Abstractions between CloudFormation templates and resource registry

[benkehoe]

Some context from @rjlohan:

Right now the Registry only supports the ability to (De)RegisterType, however we designed it intentionally to be as agnostic of CloudFormation (the service) as we could. Certainly there will be abstraction leaks, but we intend to separate concerns so that we have the ability to cleanly build out other capabilities in the future.

The Resource platform does not know anything about CloudFormation's stack-level concerns. (To be fair a couple of things leaked through, but again the intent was to design the Registry and the resource platform to be completely oblivious to CloudFormation the service.

I get the separation between stack-level concerns and resources.
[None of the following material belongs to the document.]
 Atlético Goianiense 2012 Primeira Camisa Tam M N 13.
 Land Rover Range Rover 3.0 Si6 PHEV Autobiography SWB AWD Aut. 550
And I get that the registry should model all resources, not just AWS service resources. But there are semantics in CloudFormation templates that seem useful to model in resources.

For example, I expect that when I delete a stack, the resources owned by the stack should also be deleted, unless I put a DeletionPolicy: Retain on them. If a resource is by design leaving things behind when the update or delete handler is called, I feel that should be surfaced to the user through the template in some way, because that's unexpected behavior. One way to do this would be for a resource to indicate it does this, and for CloudFormation to require DeletionPolicy: Retain for those resources.

[rjlohan]

So the way I think about this particular dimension is this; a Stack is a set of Resources. When we create a stack, we are really creating a set of resources. Likewise, deleting a stack is asking that the set of resources be deleted.

So... DeletionPolicy: Retain is really a concern of the Stack. With this policy we are saying; "when I delete the stack, don't delete the resources, simply remove them from this set".

As such, I don't believe DeletionPolicy, CreationPolicy, UpdatePolicy or UpdateReplacePolicy are concerns of the resource. They are instructions to the CloudFormation service itself in how it should behave when operating on the Stack.

So - a Resource Provider shouldn't care about CloudFormation's DeletePolicy. With DeletePolicy: Retain CloudFormation will simply remove the resource from the Stack, and the Delete handler will not be invoked at all.

[benkehoe]

I get that. But if the Resource Provider is leaving cruft behind, as the proposed ResourceType resource provider would (and as the Lambda version publisher does), what happens then? Shouldn't there be a mechanism that can alert users to this fact, and could a forced delete-retain serve as that mechanism?

[PatMyron]

As such, I don't believe DeletionPolicy, CreationPolicy, UpdatePolicy or UpdateReplacePolicy are concerns of the resource

think Snapshot policies for DeletionPolicy and UpdateReplacePolicy are resource type specific and should be modeled as handlers. UpdatePolicy also seems incredibly resource type specific

[benbridts]

Re: deletion

I agree with Ben, in the sense that Resource Providers should not leave things behind when a Delete is called. If the resource provider only manages one thing (as it probably should), this is also an implied part of the contract:

from the docs:

In order for a delete request to return an operation status of SUCCESS, the following must be true:

A subsequent create request MUST be able to create a new resource with the same set of properties; a subsequent create request MUST NOT fail with an error code of AlreadyExists.
[...]
A subsequent read request SHOULD return an error code of NotFound.

A subsequent list request SHOULD NOT contain the deleted resource.

---

Regarding handlers:

think Snapshot policies for DeletionPolicy and UpdateReplacePolicy are resource type specific and should be modeled as handlers. UpdatePolicy also seems incredibly resource type specific

I agree. But that should not expose the different kind of policies to the provider, the provider should not have to care why the delete is not triggered, or why a snapshot might be triggered. So, I'd expected one handler for snapshot and the CloudFormation engine deciding when to call that (probably in two steps - first the snapshot handler, then the delete handler, since they can be independent).

The UpdatePolicy is trickier, as those are far less generic.